Rank of product of two orthogonal matrices For $U,V\in\mathbb{R}^{n\times r}$, where each column $u_i$ satisfies that $u_i^Tu_j=0,j\ne i, u_i^Tu_i=1,\forall i=1,...,r$. So is $v_i$. Suppose we have $$\Vert UU^T-VV^T \Vert<1$$
My question is how to prove the following:
$$U^TV\text{ is full rank.}$$
Thanks!
 A: We can show the following: 

$U^TV$ is rank-deficient $\implies$ $\rho(UU^T-VV^T)\geq 1$,

where $\rho$ is the spectral radius of a matrix.
Since $UU^T-VV^T$ is symmetric, the eigenvalues of this matrix are real and for 
any symmetric matrix $X$ we have $\rho^2(X)=\rho(X^2)$.
We can expand
$$\tag{1}
(UU^T-VV^T)^2=UU^T+VV^T-U(U^TV)V^T-V(V^TU)U^T
$$
and see the $U^TV$ terms to pop out.
Since $U^TV$ is rank-deficient, there is a nonzero vector $x$ such that $U^TVx=0$. We can express this vector as a combination of rows of $V$, that is, $x=V^Ty$ for some (nonzero) $y$. We can choose $x$ and $y$ such that $y^Ty=1$.
We take this $y$ and compute the associated Rayleigh quotient of the squared matrix in (1) and see that
$$
\begin{split}
\rho^2(UU^T-VV^T)
&\geq
y^T(UU^T-VV^T)^2y
\\&=
y^TUU^Ty+x^Tx-y^TU(U^TVx)-(U^TVx)^TU^Ty
\\&=
y^TUU^Ty+x^Tx\geq x^Tx.
\end{split}
$$
So if $x^Tx\geq 1$, we are done. Indeed, we have
$$
1=y^Ty=y^T(I-VV^T)y+y^TVV^Ty\leq y^TVV^Ty=x^Tx.
$$
Hence $\rho(UU^T-VV^T)\geq 1$.
We showed the following equivalent statement:

$\rho(UU^T-VV^T)<1$ $\implies$ $U^TV$ is not rank-deficient.
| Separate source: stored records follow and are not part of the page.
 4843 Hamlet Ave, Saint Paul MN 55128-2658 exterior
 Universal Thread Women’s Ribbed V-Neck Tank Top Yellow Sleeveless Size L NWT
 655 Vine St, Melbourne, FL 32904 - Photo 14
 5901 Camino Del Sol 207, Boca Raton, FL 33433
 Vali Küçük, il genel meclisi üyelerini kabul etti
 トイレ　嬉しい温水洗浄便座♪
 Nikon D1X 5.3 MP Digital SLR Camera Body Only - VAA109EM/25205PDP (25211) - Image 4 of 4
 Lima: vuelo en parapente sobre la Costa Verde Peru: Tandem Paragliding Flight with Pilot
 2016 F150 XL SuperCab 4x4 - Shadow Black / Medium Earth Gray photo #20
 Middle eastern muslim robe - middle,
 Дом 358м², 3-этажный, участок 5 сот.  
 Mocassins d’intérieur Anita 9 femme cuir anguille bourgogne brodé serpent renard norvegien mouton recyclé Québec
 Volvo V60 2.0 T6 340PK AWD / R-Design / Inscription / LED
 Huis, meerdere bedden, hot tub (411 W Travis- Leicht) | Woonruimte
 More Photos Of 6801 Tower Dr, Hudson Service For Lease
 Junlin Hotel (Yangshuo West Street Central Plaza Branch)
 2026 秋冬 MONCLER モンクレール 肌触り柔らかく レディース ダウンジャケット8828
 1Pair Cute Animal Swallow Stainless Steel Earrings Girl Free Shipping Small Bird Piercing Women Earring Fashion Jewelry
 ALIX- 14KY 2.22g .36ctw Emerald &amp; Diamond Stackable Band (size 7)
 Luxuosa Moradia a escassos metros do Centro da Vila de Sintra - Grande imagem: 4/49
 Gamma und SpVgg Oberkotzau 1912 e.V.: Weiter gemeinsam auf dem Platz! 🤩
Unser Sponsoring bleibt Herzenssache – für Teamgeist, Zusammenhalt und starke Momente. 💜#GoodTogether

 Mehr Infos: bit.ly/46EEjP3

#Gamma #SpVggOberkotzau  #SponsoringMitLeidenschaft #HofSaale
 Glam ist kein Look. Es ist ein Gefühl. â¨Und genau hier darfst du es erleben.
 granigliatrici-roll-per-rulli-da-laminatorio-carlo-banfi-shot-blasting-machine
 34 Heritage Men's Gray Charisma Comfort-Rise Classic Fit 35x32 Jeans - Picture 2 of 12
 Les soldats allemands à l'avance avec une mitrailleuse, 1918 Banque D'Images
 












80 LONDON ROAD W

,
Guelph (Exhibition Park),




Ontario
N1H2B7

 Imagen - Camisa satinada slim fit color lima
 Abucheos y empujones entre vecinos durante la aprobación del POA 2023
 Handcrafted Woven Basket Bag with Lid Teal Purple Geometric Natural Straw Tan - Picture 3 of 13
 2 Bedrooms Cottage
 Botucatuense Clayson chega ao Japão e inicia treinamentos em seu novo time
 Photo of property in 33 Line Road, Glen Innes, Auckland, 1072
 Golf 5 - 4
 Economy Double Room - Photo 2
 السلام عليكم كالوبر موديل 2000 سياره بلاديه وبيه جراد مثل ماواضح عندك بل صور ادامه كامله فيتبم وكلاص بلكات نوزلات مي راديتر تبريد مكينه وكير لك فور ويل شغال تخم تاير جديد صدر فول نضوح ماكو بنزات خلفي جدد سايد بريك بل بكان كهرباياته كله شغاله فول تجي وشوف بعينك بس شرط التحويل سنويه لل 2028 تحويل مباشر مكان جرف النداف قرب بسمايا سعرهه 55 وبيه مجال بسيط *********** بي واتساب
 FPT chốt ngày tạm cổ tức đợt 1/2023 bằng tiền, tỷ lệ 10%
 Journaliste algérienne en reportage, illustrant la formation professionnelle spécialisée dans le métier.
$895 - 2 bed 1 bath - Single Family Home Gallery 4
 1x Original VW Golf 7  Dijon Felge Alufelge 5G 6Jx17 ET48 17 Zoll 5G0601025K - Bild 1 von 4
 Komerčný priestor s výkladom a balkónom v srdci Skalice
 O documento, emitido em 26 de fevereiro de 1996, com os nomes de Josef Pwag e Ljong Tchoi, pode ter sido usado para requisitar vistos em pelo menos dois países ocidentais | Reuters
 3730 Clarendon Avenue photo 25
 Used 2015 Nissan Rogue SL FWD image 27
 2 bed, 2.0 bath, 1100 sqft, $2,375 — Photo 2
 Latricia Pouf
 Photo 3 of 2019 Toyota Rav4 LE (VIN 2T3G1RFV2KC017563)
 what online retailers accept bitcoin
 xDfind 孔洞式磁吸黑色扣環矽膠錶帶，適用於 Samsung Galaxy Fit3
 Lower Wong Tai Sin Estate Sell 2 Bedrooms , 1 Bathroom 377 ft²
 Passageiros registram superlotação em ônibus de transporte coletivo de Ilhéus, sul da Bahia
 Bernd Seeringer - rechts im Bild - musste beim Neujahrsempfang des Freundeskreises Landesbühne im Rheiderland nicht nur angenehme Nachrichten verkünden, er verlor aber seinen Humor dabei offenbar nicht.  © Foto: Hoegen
Any matrix norm $\|\cdot\|$ consistent with some vector norm is an upper bound on $\rho$ so we also have

$\|UU^T-VV^T\|<1$ $\implies$ $\rho(UU^T-VV^T)<1$ $\implies$ $U^TV$ is not rank-deficient.

A: Let $A=U^TV$. As $U$ has orthonormal columns, $UU^T$ is an orthogonal projection. Therefore
\begin{aligned}
\|UU^T-UAA^TU^T\|_2
&=\|UU^T(UU^T-VV^T)UU^T\|_2\\
&\le\|UU^T-VV^T\|_2\|UU^T\|_2^2\\
&=\|UU^T-VV^T\|_2\\
&=\rho(UU^T-VV^T)\\
&\le\|UU^T-VV^T\|<1.
\end{aligned}
(Note that we have used both the induced $2$-norm $\|\cdot\|_2$ and the given norm $\|\cdot\|$ above.)
Now suppose the contrary that $A$ is singular. Then $A^T$ is singular and $A^Tx=0$ for some nonzero vector $x$. Since $U$ has full column rank, $Ux\ne0$. Thus $\|(UU^T-UAA^TU^T)Ux\|_2=\|Ux\|_2\ne0$, which is a contradiction to $\|UU^T-UAA^TU^T\|_2<1$. Hence $A=U^TV$ must be nonsingular.